Activity:
Write the entries out in full, matching them exactly.

Records from a collection
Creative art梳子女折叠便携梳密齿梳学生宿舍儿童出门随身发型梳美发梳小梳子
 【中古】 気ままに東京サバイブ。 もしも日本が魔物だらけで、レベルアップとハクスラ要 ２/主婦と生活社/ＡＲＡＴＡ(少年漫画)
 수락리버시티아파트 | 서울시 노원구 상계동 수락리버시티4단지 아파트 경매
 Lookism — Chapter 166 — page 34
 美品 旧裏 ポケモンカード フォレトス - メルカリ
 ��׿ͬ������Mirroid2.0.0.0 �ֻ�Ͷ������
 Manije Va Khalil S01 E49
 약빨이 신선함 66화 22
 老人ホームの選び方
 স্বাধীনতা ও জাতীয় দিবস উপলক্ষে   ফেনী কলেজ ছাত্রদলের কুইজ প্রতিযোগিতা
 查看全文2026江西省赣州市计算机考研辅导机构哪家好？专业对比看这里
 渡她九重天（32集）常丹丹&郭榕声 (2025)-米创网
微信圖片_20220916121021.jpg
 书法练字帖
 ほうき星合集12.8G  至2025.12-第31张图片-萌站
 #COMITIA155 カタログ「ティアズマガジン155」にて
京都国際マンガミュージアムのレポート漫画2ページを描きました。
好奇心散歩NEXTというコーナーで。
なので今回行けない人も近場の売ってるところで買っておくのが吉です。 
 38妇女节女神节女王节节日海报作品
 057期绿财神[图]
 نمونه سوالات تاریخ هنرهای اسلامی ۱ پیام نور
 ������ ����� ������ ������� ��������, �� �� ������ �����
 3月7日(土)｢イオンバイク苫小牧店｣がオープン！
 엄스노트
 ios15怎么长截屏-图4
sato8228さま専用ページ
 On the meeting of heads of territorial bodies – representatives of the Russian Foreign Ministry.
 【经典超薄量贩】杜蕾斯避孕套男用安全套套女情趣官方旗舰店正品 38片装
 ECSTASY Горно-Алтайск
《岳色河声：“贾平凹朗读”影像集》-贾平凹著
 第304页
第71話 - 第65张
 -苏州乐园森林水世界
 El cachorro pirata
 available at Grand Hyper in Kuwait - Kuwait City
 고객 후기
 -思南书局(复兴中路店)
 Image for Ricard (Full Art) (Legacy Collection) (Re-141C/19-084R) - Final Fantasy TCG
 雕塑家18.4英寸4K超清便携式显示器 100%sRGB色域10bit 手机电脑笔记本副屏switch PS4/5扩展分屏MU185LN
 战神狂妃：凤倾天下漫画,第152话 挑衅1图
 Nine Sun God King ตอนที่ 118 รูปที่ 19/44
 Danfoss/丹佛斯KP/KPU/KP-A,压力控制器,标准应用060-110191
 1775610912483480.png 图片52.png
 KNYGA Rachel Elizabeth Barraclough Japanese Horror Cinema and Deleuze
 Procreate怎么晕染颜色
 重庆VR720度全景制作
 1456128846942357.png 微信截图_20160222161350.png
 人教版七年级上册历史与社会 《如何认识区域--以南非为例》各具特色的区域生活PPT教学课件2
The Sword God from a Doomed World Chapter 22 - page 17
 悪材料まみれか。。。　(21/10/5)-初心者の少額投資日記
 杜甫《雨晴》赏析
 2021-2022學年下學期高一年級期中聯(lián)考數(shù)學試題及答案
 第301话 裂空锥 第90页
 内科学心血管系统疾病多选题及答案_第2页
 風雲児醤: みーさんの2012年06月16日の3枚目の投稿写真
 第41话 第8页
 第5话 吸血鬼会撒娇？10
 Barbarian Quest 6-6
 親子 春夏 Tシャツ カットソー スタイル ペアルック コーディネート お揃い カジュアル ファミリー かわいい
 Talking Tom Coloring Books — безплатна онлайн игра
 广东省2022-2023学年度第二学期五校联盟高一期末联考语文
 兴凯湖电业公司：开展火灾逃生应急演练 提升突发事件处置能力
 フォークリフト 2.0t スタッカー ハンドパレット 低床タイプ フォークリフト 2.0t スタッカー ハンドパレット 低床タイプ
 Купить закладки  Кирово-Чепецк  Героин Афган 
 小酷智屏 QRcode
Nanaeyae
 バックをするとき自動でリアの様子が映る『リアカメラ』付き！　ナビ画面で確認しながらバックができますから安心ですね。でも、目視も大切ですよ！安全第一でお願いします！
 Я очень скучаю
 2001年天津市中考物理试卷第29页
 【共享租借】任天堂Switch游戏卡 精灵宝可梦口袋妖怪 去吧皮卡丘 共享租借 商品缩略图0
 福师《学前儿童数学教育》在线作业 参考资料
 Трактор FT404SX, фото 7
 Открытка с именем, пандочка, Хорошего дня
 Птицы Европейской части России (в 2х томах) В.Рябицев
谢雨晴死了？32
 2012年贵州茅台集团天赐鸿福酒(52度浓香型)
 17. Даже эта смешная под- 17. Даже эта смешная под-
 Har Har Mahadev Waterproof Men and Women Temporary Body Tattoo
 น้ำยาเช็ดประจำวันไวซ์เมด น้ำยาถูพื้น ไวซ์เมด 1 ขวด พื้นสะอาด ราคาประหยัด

Output for this task:
Creative art梳子女折叠便携梳密齿梳学生宿舍儿童出门随身发型梳美发梳小梳子
 【中古】 気ままに東京サバイブ。 もしも日本が魔物だらけで、レベルアップとハクスラ要 ２/主婦と生活社/ＡＲＡＴＡ(少年漫画)
 수락리버시티아파트 | 서울시 노원구 상계동 수락리버시티4단지 아파트 경매
 Lookism — Chapter 166 — page 34
 美品 旧裏 ポケモンカード フォレトス - メルカリ
 ��׿ͬ������Mirroid2.0.0.0 �ֻ�Ͷ������
 Manije Va Khalil S01 E49
 약빨이 신선함 66화 22
 老人ホームの選び方
 স্বাধীনতা ও জাতীয় দিবস উপলক্ষে   ফেনী কলেজ ছাত্রদলের কুইজ প্রতিযোগিতা
 查看全文2026江西省赣州市计算机考研辅导机构哪家好？专业对比看这里
 渡她九重天（32集）常丹丹&郭榕声 (2025)-米创网
微信圖片_20220916121021.jpg
 书法练字帖
 ほうき星合集12.8G  至2025.12-第31张图片-萌站
 #COMITIA155 カタログ「ティアズマガジン155」にて
京都国際マンガミュージアムのレポート漫画2ページを描きました。
好奇心散歩NEXTというコーナーで。
なので今回行けない人も近場の売ってるところで買っておくのが吉です。 
 38妇女节女神节女王节节日海报作品
 057期绿财神[图]
 نمونه سوالات تاریخ هنرهای اسلامی ۱ پیام نور
 ������ ����� ������ ������� ��������, �� �� ������ �����
 3月7日(土)｢イオンバイク苫小牧店｣がオープン！
 엄스노트
 ios15怎么长截屏-图4
sato8228さま専用ページ
 On the meeting of heads of territorial bodies – representatives of the Russian Foreign Ministry.
 【经典超薄量贩】杜蕾斯避孕套男用安全套套女情趣官方旗舰店正品 38片装
 ECSTASY Горно-Алтайск
《岳色河声：“贾平凹朗读”影像集》-贾平凹著
 第304页
第71話 - 第65张
 -苏州乐园森林水世界
 El cachorro pirata
 available at Grand Hyper in Kuwait - Kuwait City
 고객 후기
 -思南书局(复兴中路店)
 Image for Ricard (Full Art) (Legacy Collection) (Re-141C/19-084R) - Final Fantasy TCG
 雕塑家18.4英寸4K超清便携式显示器 100%sRGB色域10bit 手机电脑笔记本副屏switch PS4/5扩展分屏MU185LN
 战神狂妃：凤倾天下漫画,第152话 挑衅1图
 Nine Sun God King ตอนที่ 118 รูปที่ 19/44
 Danfoss/丹佛斯KP/KPU/KP-A,压力控制器,标准应用060-110191
 1775610912483480.png 图片52.png
 KNYGA Rachel Elizabeth Barraclough Japanese Horror Cinema and Deleuze
 Procreate怎么晕染颜色
 重庆VR720度全景制作
 1456128846942357.png 微信截图_20160222161350.png
 人教版七年级上册历史与社会 《如何认识区域--以南非为例》各具特色的区域生活PPT教学课件2
The Sword God from a Doomed World Chapter 22 - page 17
 悪材料まみれか。。。　(21/10/5)-初心者の少額投資日記
 杜甫《雨晴》赏析
 2021-2022學年下學期高一年級期中聯(lián)考數(shù)學試題及答案
 第301话 裂空锥 第90页
 内科学心血管系统疾病多选题及答案_第2页
 風雲児醤: みーさんの2012年06月16日の3枚目の投稿写真
 第41话 第8页
 第5话 吸血鬼会撒娇？10
 Barbarian Quest 6-6
 親子 春夏 Tシャツ カットソー スタイル ペアルック コーディネート お揃い カジュアル ファミリー かわいい
 Talking Tom Coloring Books — безплатна онлайн игра
 广东省2022-2023学年度第二学期五校联盟高一期末联考语文
 兴凯湖电业公司：开展火灾逃生应急演练 提升突发事件处置能力
 フォークリフト 2.0t スタッカー ハンドパレット 低床タイプ フォークリフト 2.0t スタッカー ハンドパレット 低床タイプ
 Купить закладки  Кирово-Чепецк  Героин Афган 
 小酷智屏 QRcode
Nanaeyae
 バックをするとき自動でリアの様子が映る『リアカメラ』付き！　ナビ画面で確認しながらバックができますから安心ですね。でも、目視も大切ですよ！安全第一でお願いします！
 Я очень скучаю
 2001年天津市中考物理试卷第29页
 【共享租借】任天堂Switch游戏卡 精灵宝可梦口袋妖怪 去吧皮卡丘 共享租借 商品缩略图0
 福师《学前儿童数学教育》在线作业 参考资料
 Трактор FT404SX, фото 7
 Открытка с именем, пандочка, Хорошего дня
 Птицы Европейской части России (в 2х томах) В.Рябицев
谢雨晴死了？32
 2012年贵州茅台集团天赐鸿福酒(52度浓香型)
 17. Даже эта смешная под- 17. Даже эта смешная под-
 Har Har Mahadev Waterproof Men and Women Temporary Body Tattoo
 น้ำยาเช็ดประจำวันไวซ์เมด น้ำยาถูพื้น ไวซ์เมด 1 ขวด พื้นสะอาด ราคาประหยัด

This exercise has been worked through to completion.